◆ **What you have to do**
Please copy out the entries below exactly, beginning with the line that contains "You can see an" and ending with the line that contains "When you key", and include nothing outside that span.

◆ **Data for processing**
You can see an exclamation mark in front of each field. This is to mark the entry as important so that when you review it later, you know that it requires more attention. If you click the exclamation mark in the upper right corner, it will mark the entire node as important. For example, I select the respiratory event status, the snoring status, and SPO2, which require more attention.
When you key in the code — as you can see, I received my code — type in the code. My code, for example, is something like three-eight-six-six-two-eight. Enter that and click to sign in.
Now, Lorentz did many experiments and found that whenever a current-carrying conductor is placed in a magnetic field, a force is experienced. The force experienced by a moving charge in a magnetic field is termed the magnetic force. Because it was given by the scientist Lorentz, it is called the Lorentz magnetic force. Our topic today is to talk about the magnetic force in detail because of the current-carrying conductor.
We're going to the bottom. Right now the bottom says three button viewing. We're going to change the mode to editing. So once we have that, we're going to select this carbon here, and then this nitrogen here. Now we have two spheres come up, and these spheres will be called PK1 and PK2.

* * *

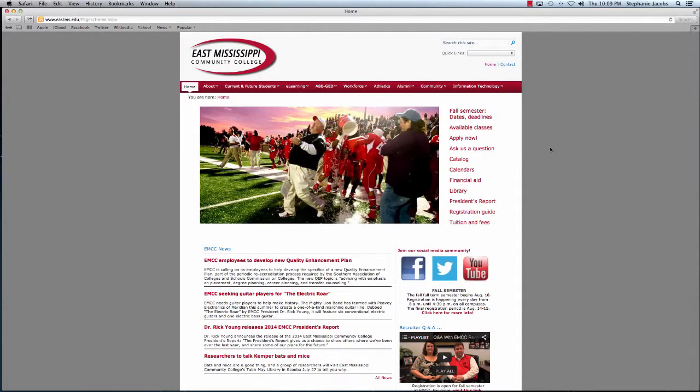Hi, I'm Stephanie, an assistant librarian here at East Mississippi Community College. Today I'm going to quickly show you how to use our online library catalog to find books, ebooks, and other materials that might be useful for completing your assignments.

◆ **Finished exercise**
You can see an exclamation mark in front of each field. This is to mark the entry as important so that when you review it later, you know that it requires more attention. If you click the exclamation mark in the upper right corner, it will mark the entire node as important. For example, I select the respiratory event status, the snoring status, and SPO2, which require more attention.
When you key in the code — as you can see, I received my code — type in the code. My code, for example, is something like three-eight-six-six-two-eight. Enter that and click to sign in.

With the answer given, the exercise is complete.